Benson’s attorney, Sam Bassett, said Austin law enforcement told him that Benson was killed in the wreck Saturday night. Bassett said he did not have details about what happened.

“Cedric was not just a client, he was my friend,” Bassett said. “He was immensely talented and fierce on the football field, yet most have no idea the difficulties he overcame to achieve what he did. Though imperfect in some respects, once Cedric was your friend you understood how kind, sensitive and loyal he was as a man.”

Benson was one of the top high school recruits out of the West Texas town of Midland. According to Texas Football magazine, he is eighth on the career rushing list for Texas high schools. He led Midland Lee to three straight state championships, the only three in school history, from 1998 to 2000.

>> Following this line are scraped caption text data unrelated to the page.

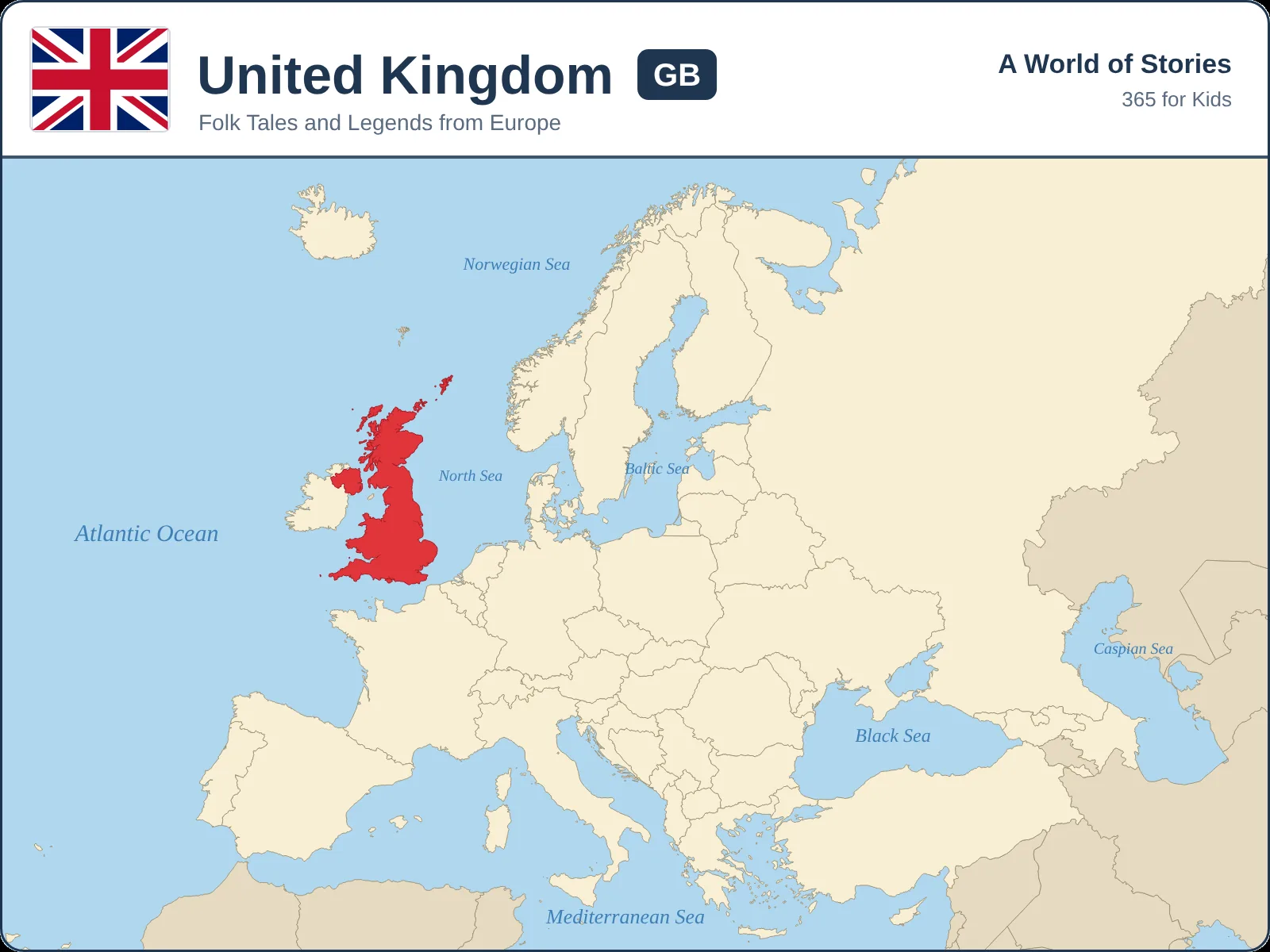 Map showing where United Kingdom is in Europe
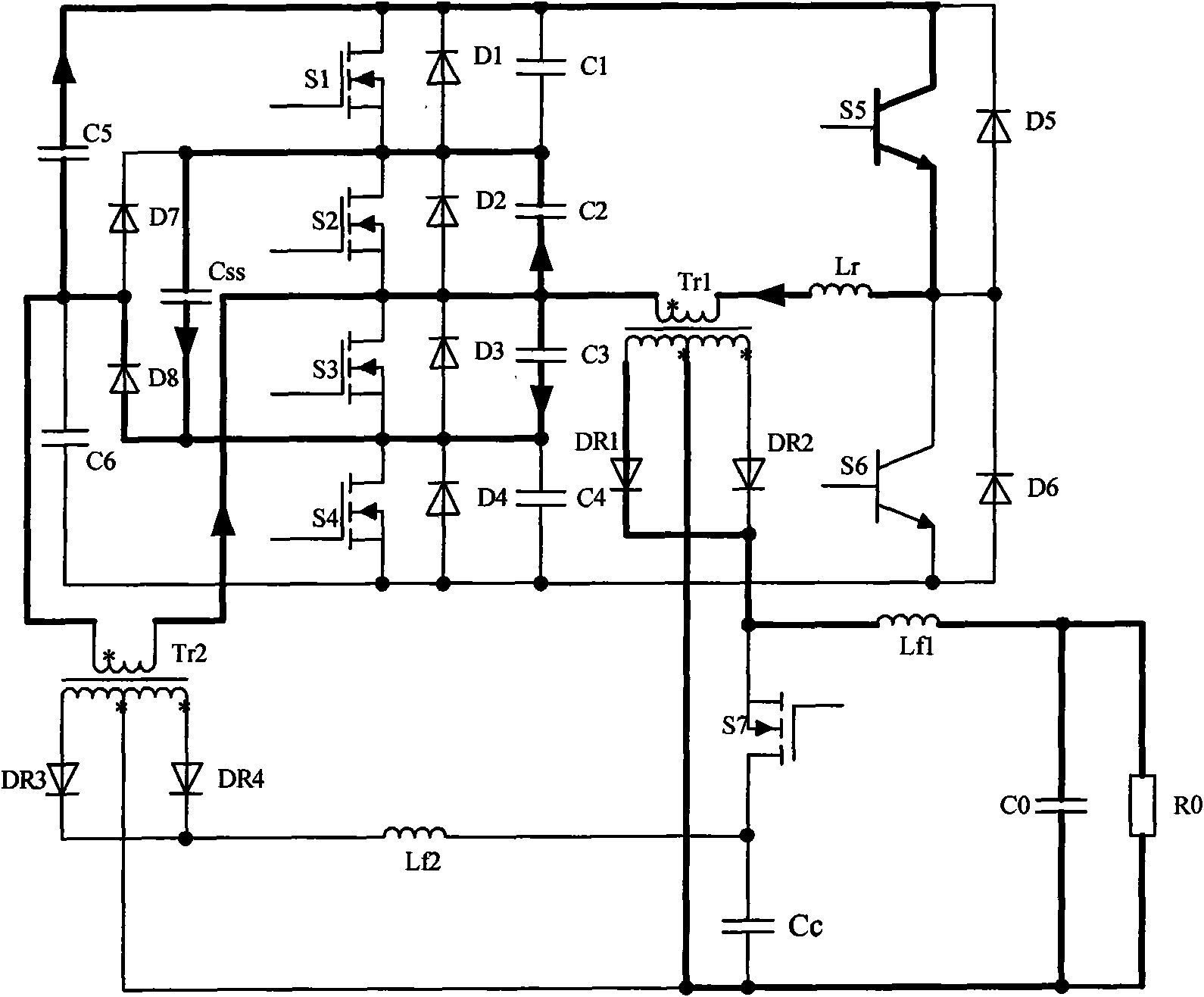 Wide load characteristic ZVZCS three-level DC-DC converter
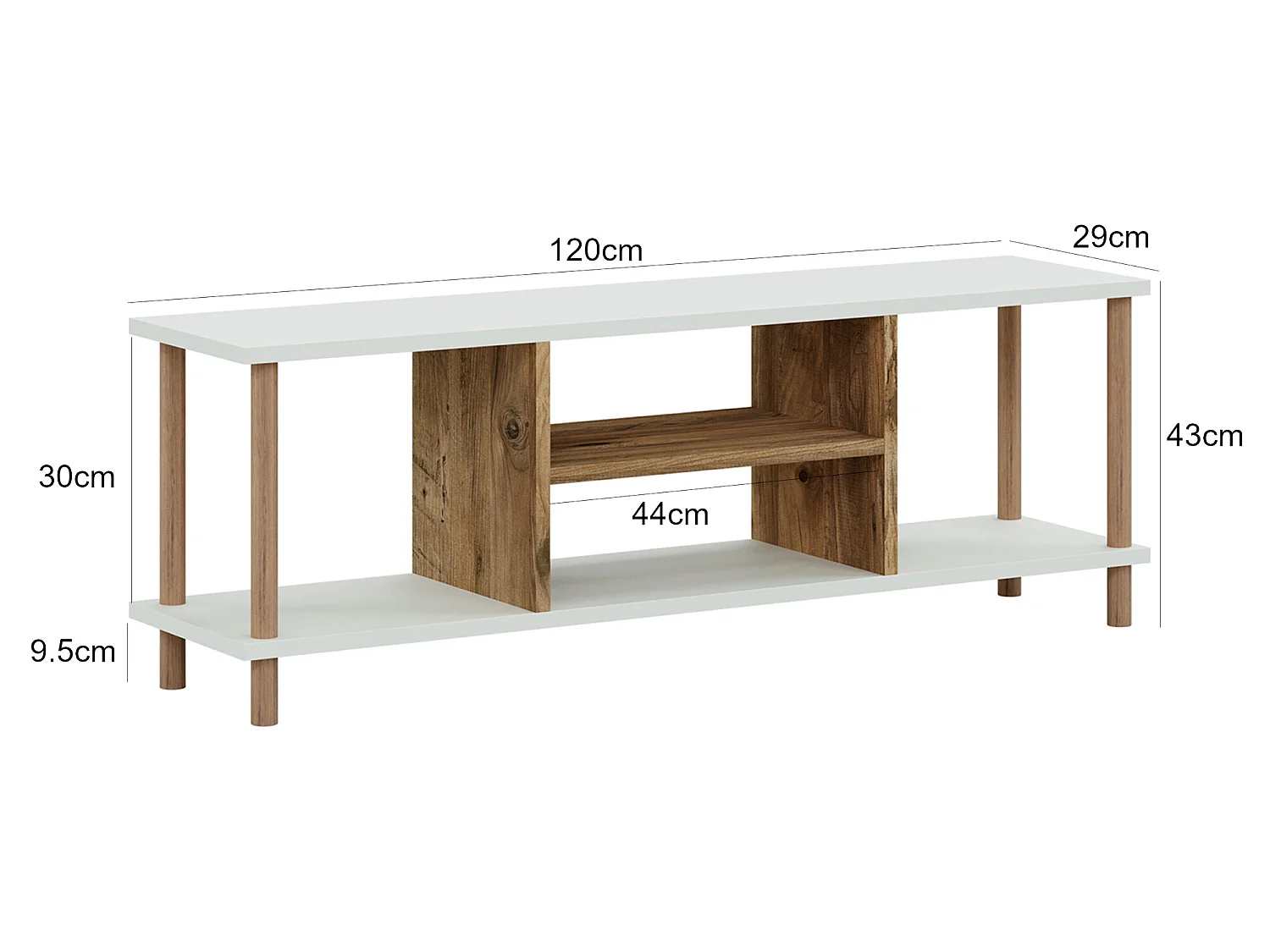 Meuble TV Ærøskøbing avec espace de rangement 43 x 120 x 29 cm blanc / effet bois [en.casa]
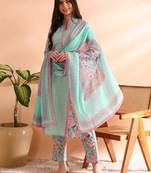 women turquoise blue poly rayon floral printed straight kurta trousers with dupatta
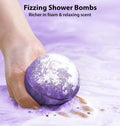 Arnica Bubble Bath Bombs Lavender Bergamot Essential Oils Luxurious Mega Foaming Bath Bombs for Dry Skin Nourishment Moisturizing Blissful Bath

He then went on to be a key player in the Longhorns’ resurgence under coach Mack Brown. Benson played at Texas from 2001 to ’04, and his 5,540 yards ranks second at the university behind Ricky Williams’ total and ninth in NCAA history. He scored 64 career touchdowns with the Longhorns and won the Doak Walker Award, given to the nation’s top running back, in 2004.

He was the only player in school history to rush for at least 1,000 yards in four seasons and was inducted into the school’s Hall of Honor in 2014.

Brown and Williams took to social media to pay tribute to Benson after learning of his death.

Tom Herman, the current coach at Texas, also expressed his condolences.

“It’s an unbelievably sad day with the news of the passing of Cedric Benson,” Herman said in a statement. “We lost a true Longhorn Legend, one of the best running backs in college football history and a really special man. He was far too young, and my heart aches for his family, friends and the entire Longhorn community. Our thoughts and prayers are with them all.”